SUPPLIED DATA

- - - -

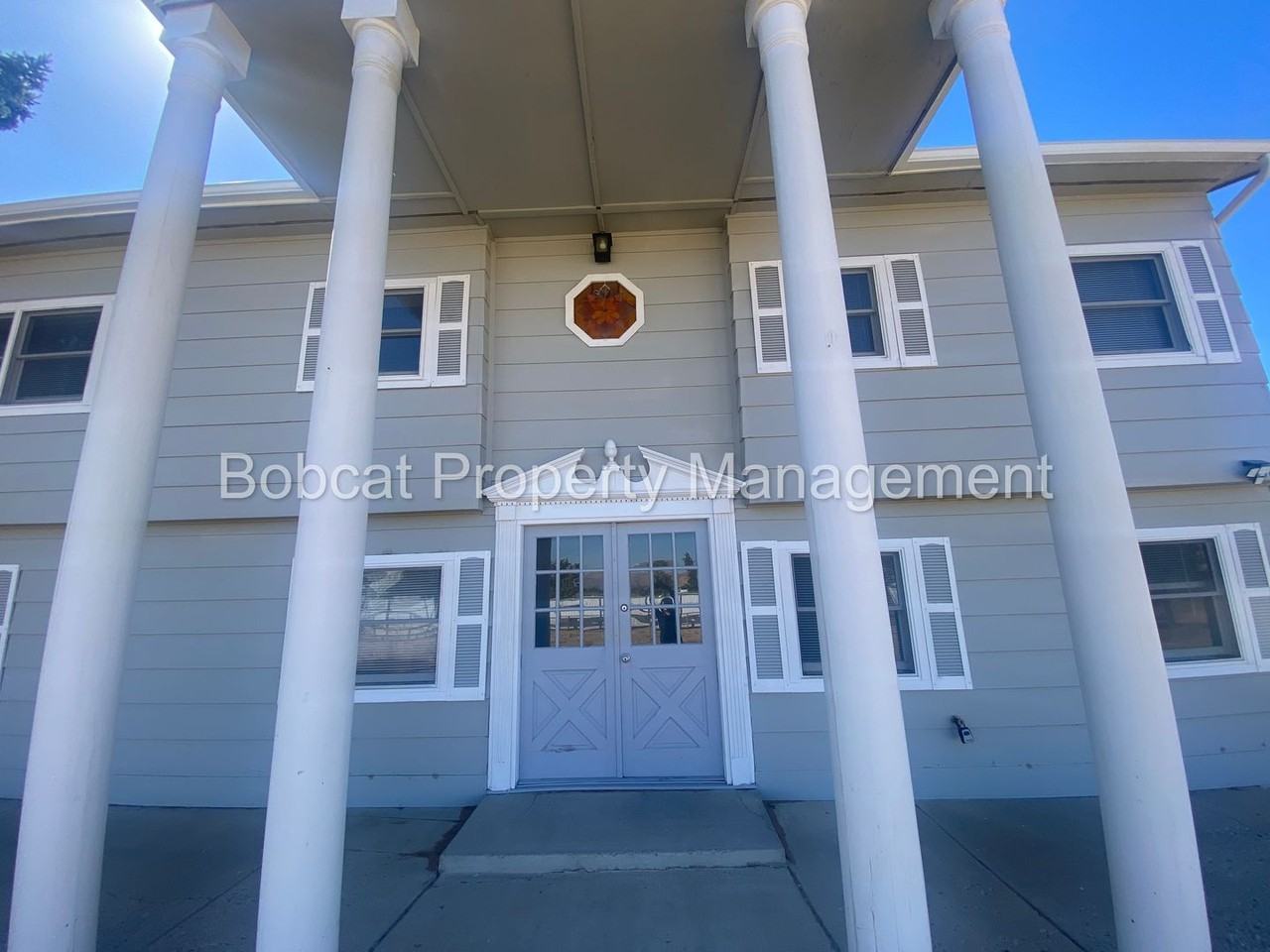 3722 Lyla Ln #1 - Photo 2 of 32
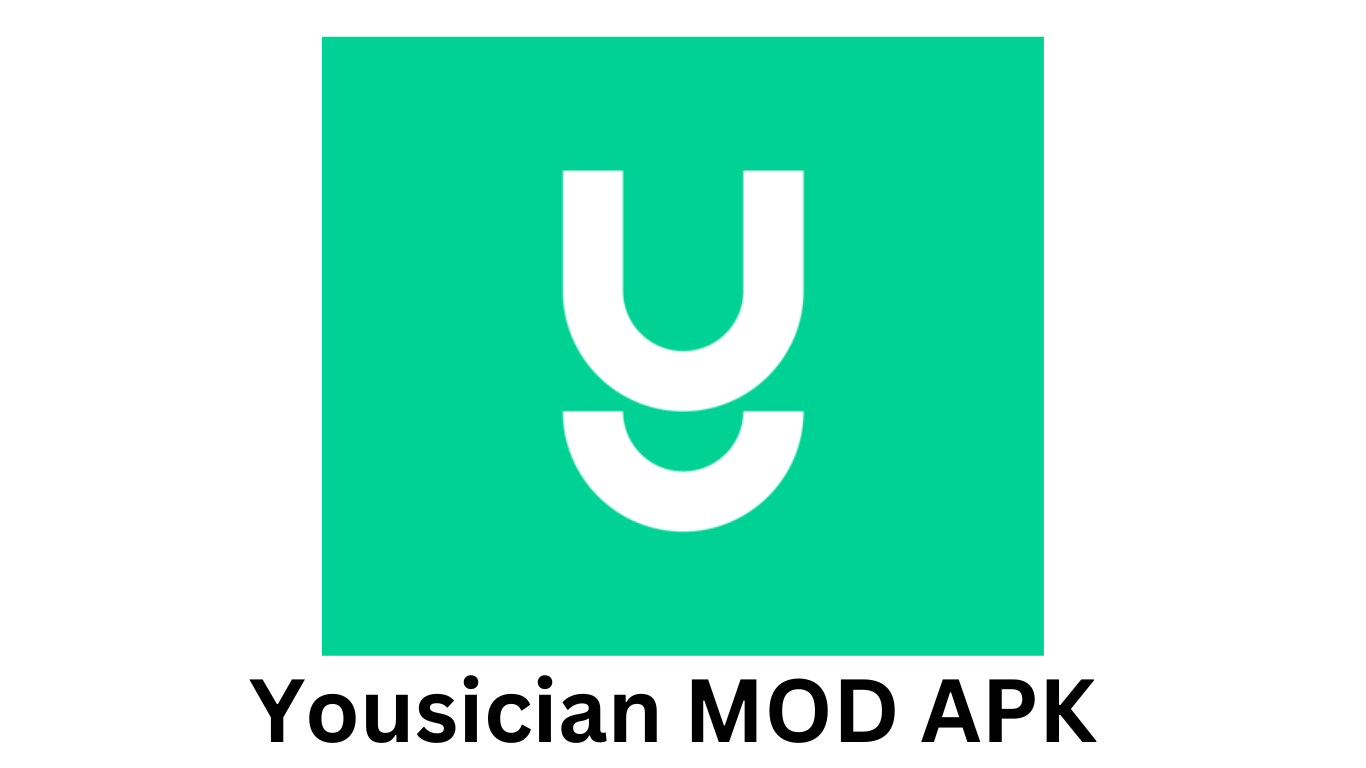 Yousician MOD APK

- - - -

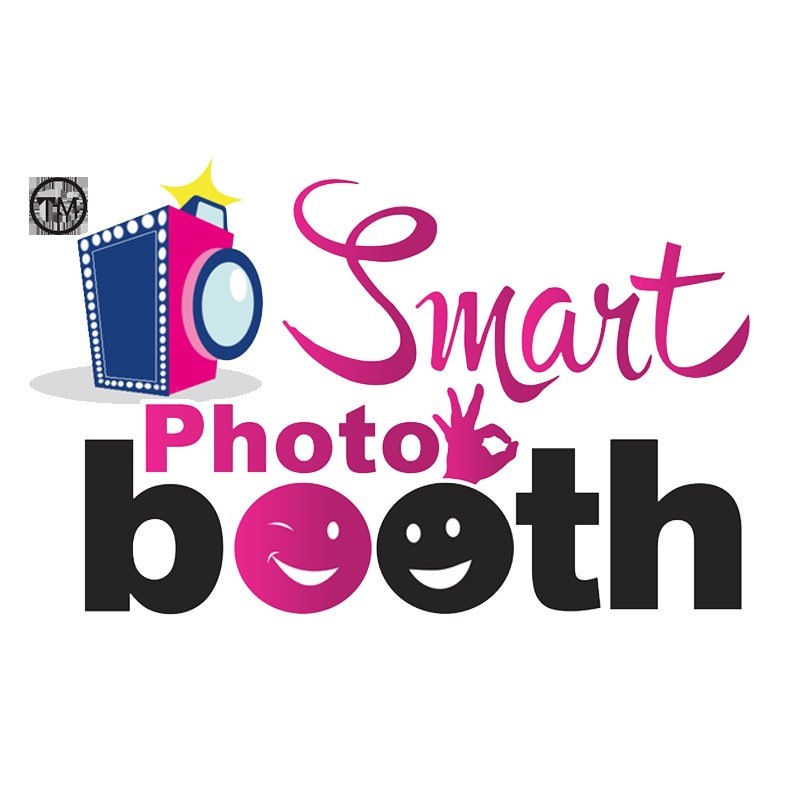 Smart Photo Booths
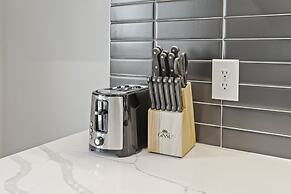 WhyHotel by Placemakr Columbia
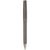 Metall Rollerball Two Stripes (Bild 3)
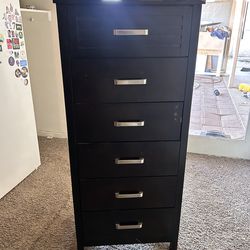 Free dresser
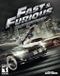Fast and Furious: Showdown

- - - -

TASK INSTRUCTIONS
Using the data above, set down each line from the line with "WhyHotel by Placemakr Columbia" to the line with "Fast and Furious: Showdown" exactly, both ends included, and leave the pictures behind. Nothing else belongs.

ANSWER FOR THIS EXERCISE
 WhyHotel by Placemakr Columbia
 Metall Rollerball Two Stripes (Bild 3)
 Free dresser
Fast and Furious: Showdown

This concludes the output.